On a dit plusieurs fois (et c’est là un des principaux arguments de M. le ministre de l’intérieur et de l’honorable M. Lebeau ), on a dit plusieurs fois que les augmentations de droit qui ont été introduites en 1826 dans le tarif français sont dues aux mesures prises contre la France par le gouvernement hollandais. S’il en est ainsi, alors il faut en tirer la conséquence que la Belgique ne doit point retirer les droits différentiels dont les produits français ont été frappés par l’ancien gouvernement, avant que le gouvernement français ne retire de son côté les mesures de 1826.

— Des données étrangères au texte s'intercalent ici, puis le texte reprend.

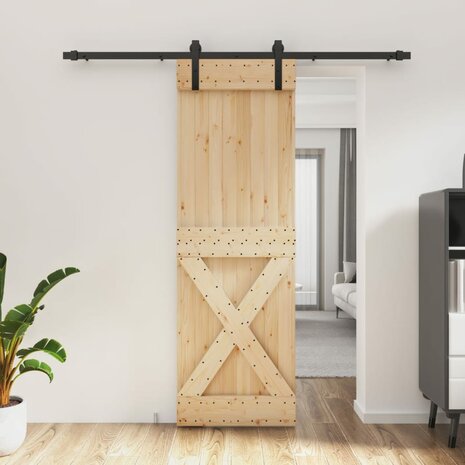 Schuifdeur met beslag 70x210 cm massief grenenhout 1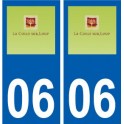 06 La Colle-sur-Loup logo ville sticker autocollant plaque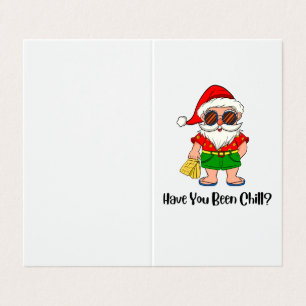 Bist du krank gewesen? Weihnachten Santa in Beach 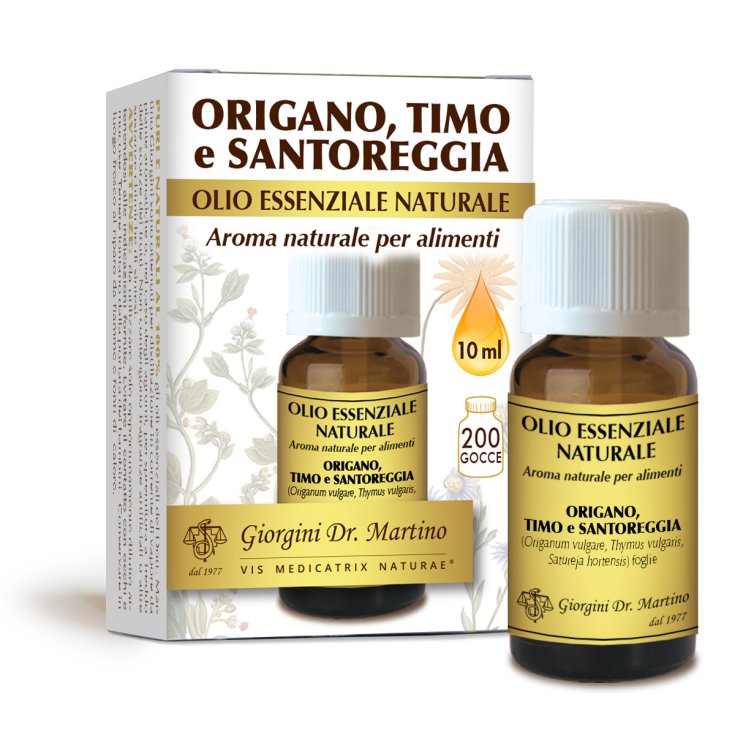 Origan Thym Sarriette Dr. Giorgini 10ml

Eh bien, messieurs, les mesures de 1826 ne frappaient pas seulement les objets sur lesquels le droit a été quelque peu diminué par les lois de juillet 1835, mais encore beaucoup d’autres objets et entre autres les toiles ; or, vous savez si les mesures dont nos toiles ont été frappées en 1826 ont été retirées.

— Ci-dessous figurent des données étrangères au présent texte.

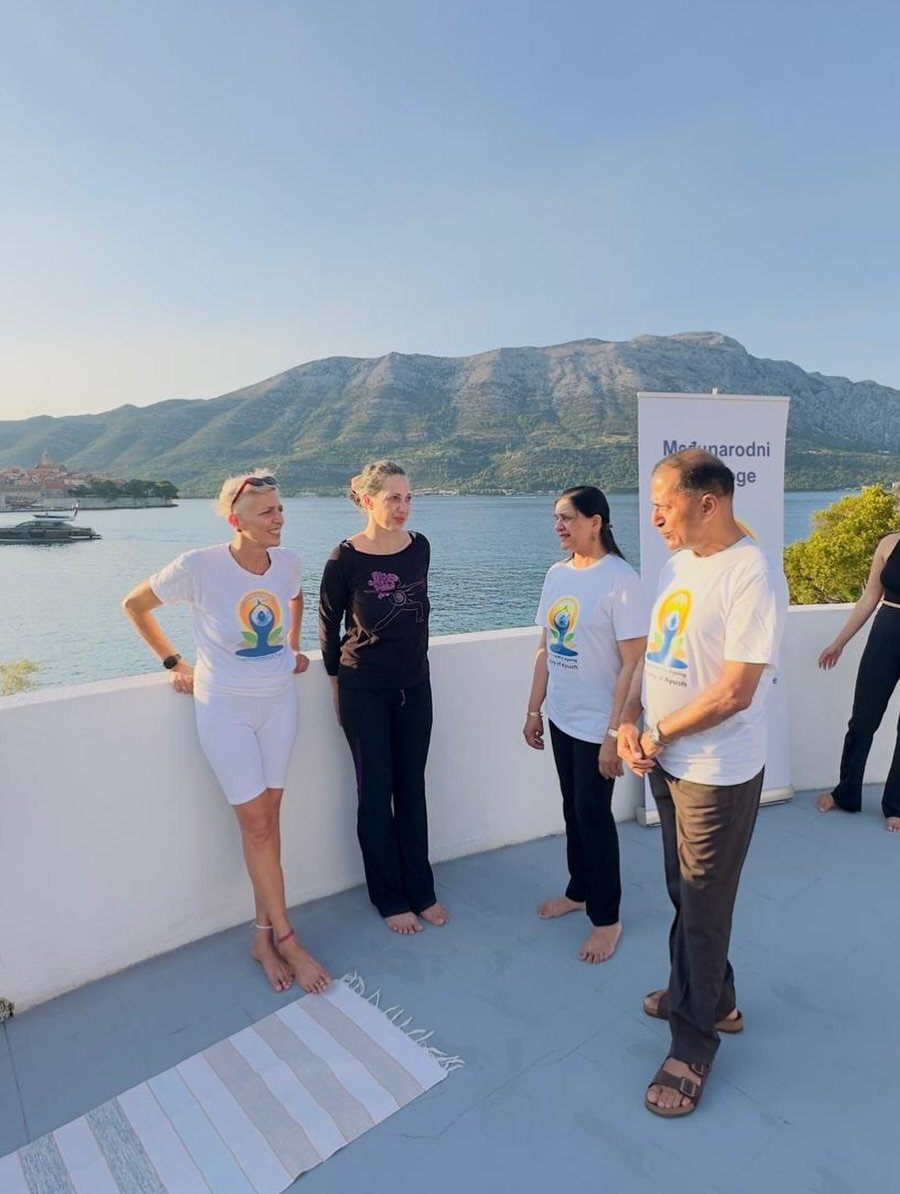 International Day of Yoga in Korčula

La France, messieurs, nous a fait de faibles concessions ; je vais avoir l’honneur d’en faire l’énumération, et vous verrez combien ces concessions, dont on fait tant de bruit, sont peu de chose par rapport à nos grandes industries. Je dis par rapport à nos grandes industries ; car, certes, si toutes les industries sont respectables, elles ne sont pas toutes également importantes ; elles sont plus ou moins importantes selon qu’elles font mouvoir un plus ou moins grand nombre de bras, selon qu’elles nourrissent un plus ou moins grand nombre d’ouvriers. Eh bien, messieurs, toutes les concessions que la France nous a faites tournent au profit du travail de l’ouvrier français, tandis qu’on nous demande des concessions qui doivent ruiner nos industries les plus majeures.

La France a consenti d’abord à lever la prohibition de nos cuivres ouvrés. Eh bien, vous savez, messieurs, que nous produisons très peu de cuivres ouvrés ; la plus grande partie de ces objets nous viennent de France : par exemple, les cuivres dorés, les bronzes dorés, les pendules, les candélabres, etc. C’est donc là une concession nulle par rapport à nos grandes industries.

En second lieu, la France a abaissé le droit sur nos fontes et nos fers forgés ; c’est là, je me plais à le reconnaître, une concession réelle au profit d’une de nos industries majeures, car certes l’industrie de la forgerie est une des principales de la Belgique. Toutefois, la France a agi dans son intérêt en nous accordant cette concession ; personne ne peut le méconnaître, car il est démontré par l’enquête qu’une charrue ou un instrument de fer quelconque coûtait un tiers plus en France qu’en Belgique, et que l’importation des fers belges devait amener une grande diminution dans le prix de ces objets. Ainsi, messieurs, si la concession dont il s’agit est d’une utilité réelle pour la Belgique, il n’en est pas moins vrai qu’elle est d’une utilité tout aussi grande pour la France, tandis qu’on veut nous faire faire des concessions qui nuisent au plus haut degré à nos intérêts et qui servent exclusivement les intérêts de la France.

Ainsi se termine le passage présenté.